Les performances économiques de LVMH, Chanel, Hermès et autres vedettes du luxe sont très bonnes ; il faudra bientôt rajouter à cette liste d’entreprises du luxe... Apple.
Par contre, les extraordinaires exigences qu’avait Steve Jobs sur la qualité des nouveaux produits lancés par Apple ont disparu et de nombreux exemples récents sont là pour le démontrer :
Les performances « surprenantes » d’Apple Maps à son lancement, illustrées par cette photo d’un aéroport où je n’aurais pas envie d’atterrir !
- Les critiques nombreuses sur Mavericks, la nouvelle version de MacOS, considérée comme non terminée.
- La nouvelle version d’iWork, Pages, Numbers ou Keynote. Apple a commis la même erreur que Microsoft en voulant unifier les produits pour tablettes et PC portables, ce qui fait que les versions professionnelles sur Macintosh ont perdu beaucoup de fonctionnalités. Très gros utilisateur de Keynote, j’ai du faire très vite marche arrière et reprendre la version de... 2009.
Il y a bien longtemps qu’Apple ne nous avait pas proposé une nouvelle version d’un produit qui soit jugée par un grand nombre d’utilisateurs comme inférieure à la précédente !
Cela m’a fait penser à mon fils ainé à qui j’ai acheté cette année un PC Windows 8 et dont s’est gentiment moqué son frère, équipé d’un PC sous Windows 7 depuis 2012 en lui disant : « Je suis mieux équipé que toi ! ».
Pour un produit « de luxe », quand l’apparence prime l’usage, ce n’est pas trop grave ; pour un produit industriel, c’est inadmissible.
Quelles conséquences pour les entreprises
Les groupes de luxe français, cités plus haut, ont montré qu’il était possible de commercialiser des produits de base, sacs, valises ou montres à des prix très élevés, pour un public qui apprécie la symbolique liée à leurs marques.

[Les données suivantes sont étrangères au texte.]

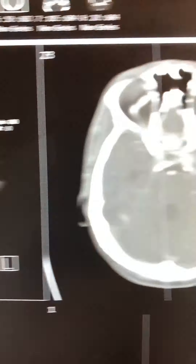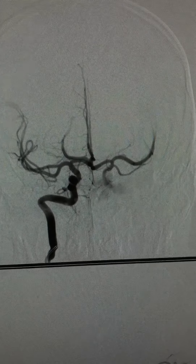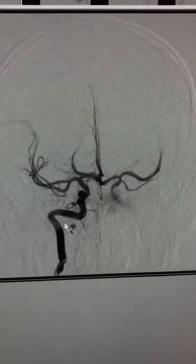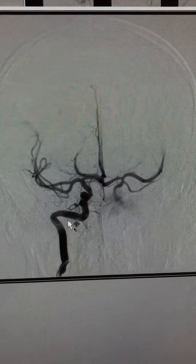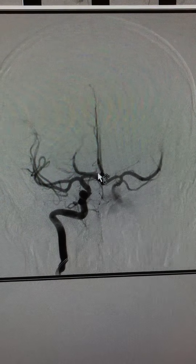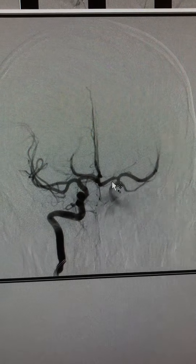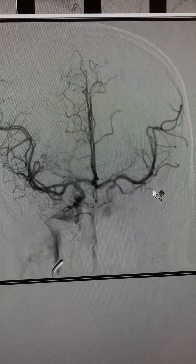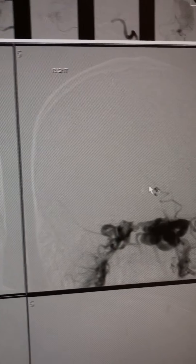We brought the patient for endovascular treatment. This is the right side injection — as you can see, there is flow to the right hemisphere, and most of the flow to the left hemisphere is actually arising from the right side. When we inject the diseased side, you see there is no flow. Injecting now from the left side, you see almost no flow at all reaching the brain.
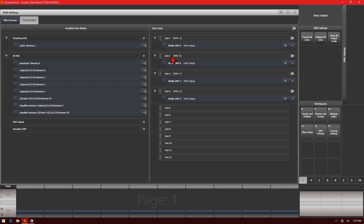We can see here I've got my default settings currently, which is line 1 to output A, line 2 to output B, line 3 to output C, and so forth. On the left-hand side of the window, I've got my available DMX nodes: Streaming ACN, Artnet, DMX Output, and Visualizer DMX. In Artnet, we can see I've got broadcast, or anything that the console sees to be able to unicast to. In this case, you can see Capture and my IQ Tester as available Artnet nodes.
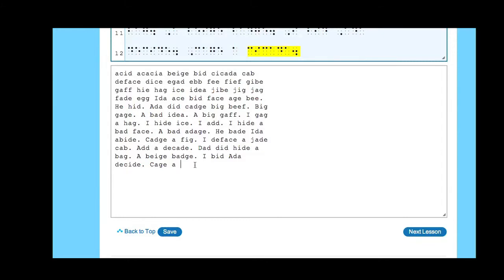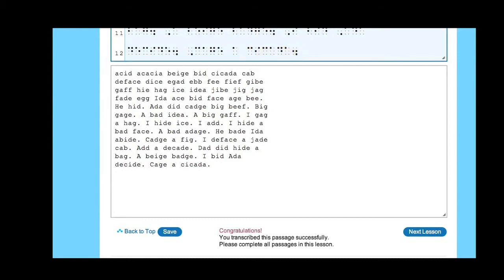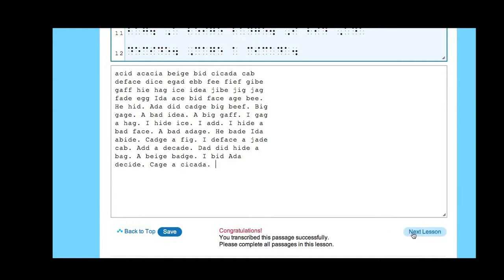I'm now coming up to the end of the exercise for lesson one. I'll just type in the last word. At the moment there's nothing to tell me that I can proceed, but if I press spacebar or carriage return, the congratulations message appears here and the next lesson button is now activated and I can move on.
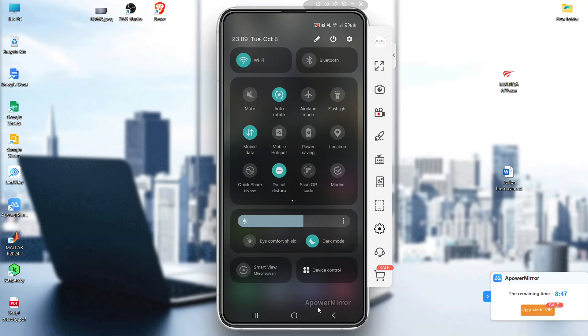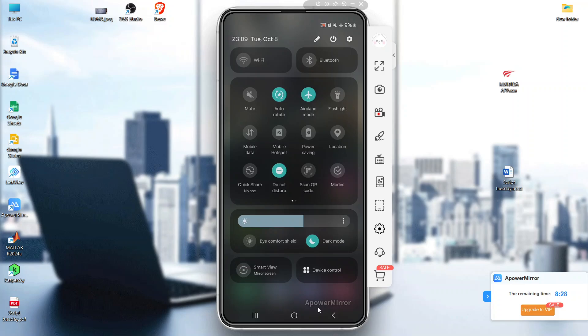Try toggling airplane mode on and off to refresh your network connection. This can sometimes kick-start your messages and send them through. Just like this, you can turn it on and turn it off again.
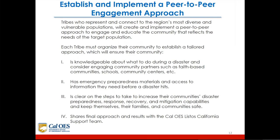Tribes who represent and connect to the region's most diverse and vulnerable populations will create and implement a peer-to-peer approach to engage and educate the community that reflects the needs of the target population. Each tribe must organize their community to ensure they are knowledgeable about what to do during a disaster, have emergency preparedness materials and access to information before a disaster hits, are clear on steps to take to increase disaster preparedness, response, recovery, and mitigation capabilities, and share their final approach and results with the CalOES Listos California support team.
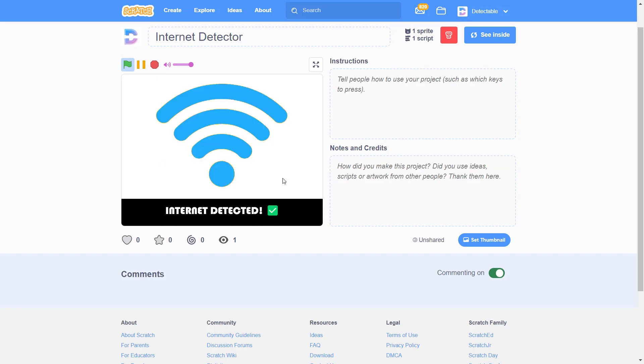And if you connect your Internet back, so after I connect my Internet back, it will now show Internet detected.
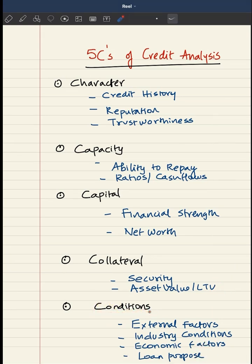Number 5 is conditions. Here they will be looking at external factors, industry conditions, economic factors, and purpose of loan — all this to take an overall decision.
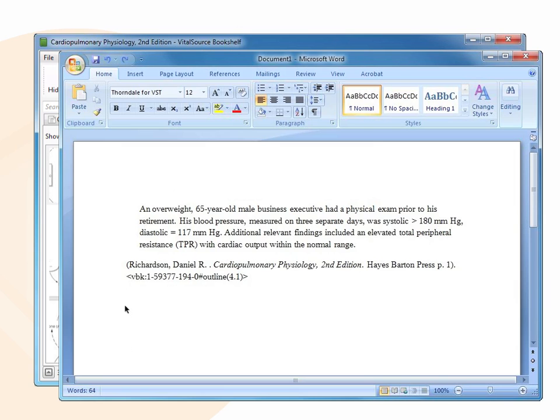By default, Bookshelf will bring over all bibliographic information when you copy and paste any text or figures.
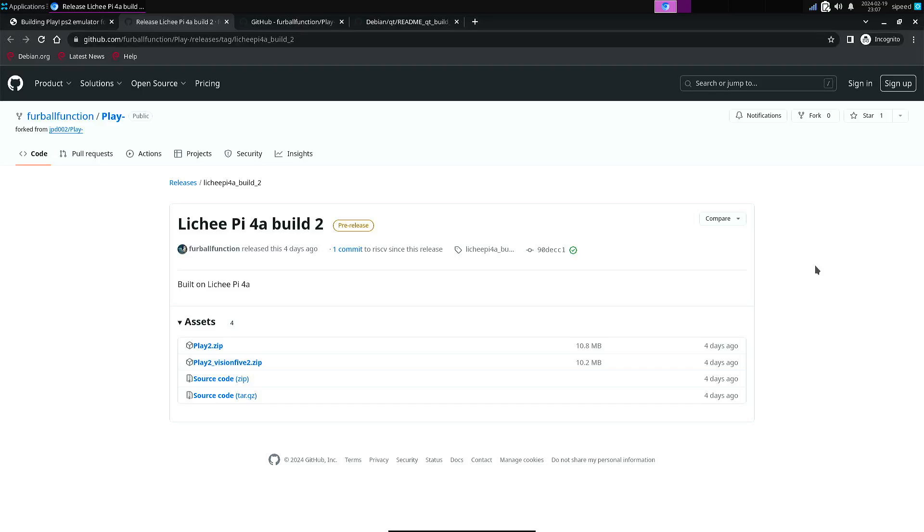So this was just to show you some work in progress on Play, the PlayStation 2 emulator on RISC-V. So that's all for now, and I hope to see you again in my next video.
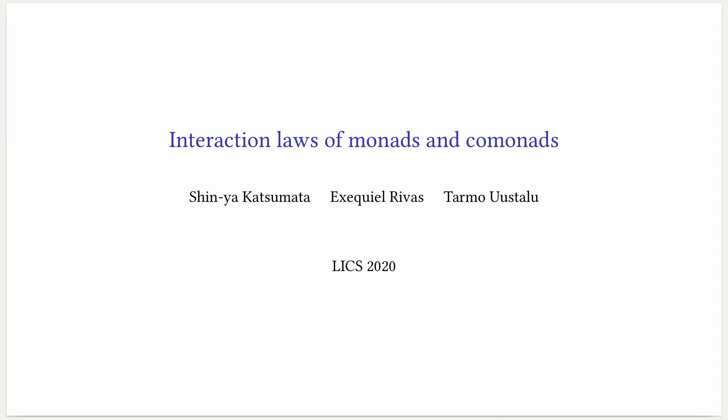Hi, my name is Exegil Rivas and I'll be presenting Interaction Laws of Monads and Comonads. This is joint work with Shinya Katsumata and Taro Mostaru. Let's begin with some motivation.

Ce bijou d’Hermès, copie du célébrissime sac Kelly, ne coûte que... 1,5 million d’euros.
Par contre, elles sont peu nombreuses les entreprises à équiper leurs collaborateurs et collaboratrices avec ces produits de luxe, surtout par les temps qui courent, avec une opinion publique prête à se mobiliser contre tout signe extérieur de richesse, tout symbole trop fort de réussite financière.
La convergence entre les solutions grand public et professionnelles est en marche, mais il a toujours un décalage de 2 à 5 ans entre les décisions prises par le grand public et les entreprises.
Dans le domaine des objets mobiles, les BlackBerry ont survécu trop longtemps dans les entreprises alors que le grand public avait déjà compris que ces produits n’avaient aucun avenir.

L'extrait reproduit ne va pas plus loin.